He goes on to say that if we were to cut open a cocoon, so scientists say, and have a look inside, what we find is best described as caterpillar soup.
They were one creature, they disappear, and dissolved, and then reappear as a completely different creature. They eat a different diet, they have a different mode of transport and they have a different way of thinking about the world.
From crawling slowly through leaves and branches in shade, to flying free from flower to flower in the sun. It's a massive transformation and a lot of it is spent in darkness and solitude.
This can be very much like how we change and transform, like in my illustration of the three people. The middle bit can be scary, the cocoon is like the place of transition from one version to the next. What happens in the dark and lonely cocoon is the meltdown of the former you and the formation of the next you.
Scanlon's analogy continues with the acknowledging that now you have to learn to speak butterfly, you have no caterpillar language left. Speaking caterpillar will keep you earthbound, but you were born to fly. You can't go back to being a caterpillar, like the old you, you gotta take to the sky
We all have many cocoon moments in our lives.
There was another guy named Paul who lived between 4 BCE and 64 CE. He was born in Tarsus, in modern-day Türkiye, and he wrote letters to the early Christians, which make up a fair bit of the second half of the bible.

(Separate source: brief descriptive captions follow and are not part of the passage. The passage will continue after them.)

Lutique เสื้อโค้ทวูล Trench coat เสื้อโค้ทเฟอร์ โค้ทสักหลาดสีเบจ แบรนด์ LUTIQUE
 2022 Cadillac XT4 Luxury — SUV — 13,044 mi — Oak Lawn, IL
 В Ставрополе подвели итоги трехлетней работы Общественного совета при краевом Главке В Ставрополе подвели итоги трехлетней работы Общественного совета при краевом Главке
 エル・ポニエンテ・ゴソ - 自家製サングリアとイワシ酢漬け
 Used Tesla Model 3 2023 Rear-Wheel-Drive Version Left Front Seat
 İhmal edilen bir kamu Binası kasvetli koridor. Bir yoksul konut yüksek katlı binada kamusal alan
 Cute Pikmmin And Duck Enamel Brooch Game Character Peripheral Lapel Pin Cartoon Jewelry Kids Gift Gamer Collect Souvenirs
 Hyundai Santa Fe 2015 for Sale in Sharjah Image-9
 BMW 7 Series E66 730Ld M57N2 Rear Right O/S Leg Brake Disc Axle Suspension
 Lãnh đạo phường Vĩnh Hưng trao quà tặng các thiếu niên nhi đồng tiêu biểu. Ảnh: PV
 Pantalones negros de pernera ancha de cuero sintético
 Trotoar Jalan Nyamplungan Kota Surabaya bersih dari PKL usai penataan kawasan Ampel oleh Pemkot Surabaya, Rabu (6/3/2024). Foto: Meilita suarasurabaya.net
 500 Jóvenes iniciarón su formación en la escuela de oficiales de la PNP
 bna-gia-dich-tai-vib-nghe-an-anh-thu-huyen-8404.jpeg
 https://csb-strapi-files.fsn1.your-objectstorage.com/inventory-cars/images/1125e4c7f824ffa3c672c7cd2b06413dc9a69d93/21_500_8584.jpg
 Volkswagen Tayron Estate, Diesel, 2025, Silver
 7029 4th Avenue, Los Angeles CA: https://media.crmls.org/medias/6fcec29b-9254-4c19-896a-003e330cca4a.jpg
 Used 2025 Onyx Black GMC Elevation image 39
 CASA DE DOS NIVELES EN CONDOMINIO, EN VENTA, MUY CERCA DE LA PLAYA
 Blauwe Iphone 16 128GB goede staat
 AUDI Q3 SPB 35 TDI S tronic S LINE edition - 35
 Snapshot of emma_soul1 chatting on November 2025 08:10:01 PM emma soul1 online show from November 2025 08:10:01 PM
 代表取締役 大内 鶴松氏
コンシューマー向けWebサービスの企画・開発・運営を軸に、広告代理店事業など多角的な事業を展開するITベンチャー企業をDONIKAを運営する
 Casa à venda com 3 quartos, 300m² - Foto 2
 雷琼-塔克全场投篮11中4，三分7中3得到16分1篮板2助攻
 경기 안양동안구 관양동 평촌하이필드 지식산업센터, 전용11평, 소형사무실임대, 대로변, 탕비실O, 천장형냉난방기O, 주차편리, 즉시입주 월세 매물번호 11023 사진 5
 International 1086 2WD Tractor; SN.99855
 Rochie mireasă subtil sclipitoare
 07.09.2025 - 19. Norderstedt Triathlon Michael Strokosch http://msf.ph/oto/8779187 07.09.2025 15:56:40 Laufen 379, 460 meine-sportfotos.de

He once wrote to the churches in Rome and said;
"let God transform you into a new person by changing the way you think"
Paul spoke Greek, and in Greek, the word transform is metamorphoō, (meta-MORR-phow)
Sound familiar? There's that caterpillar again.
For me, looking back, I became a new person, transformed into who I was meant to be. I am still becoming who I was made to be. I found that sense of self through faith.
You might feel like a failure, or be sad or confused, or feel like you're in a dark and lonely place, and...
maybe you're, ending one form and emerging into the next, ever-changing you.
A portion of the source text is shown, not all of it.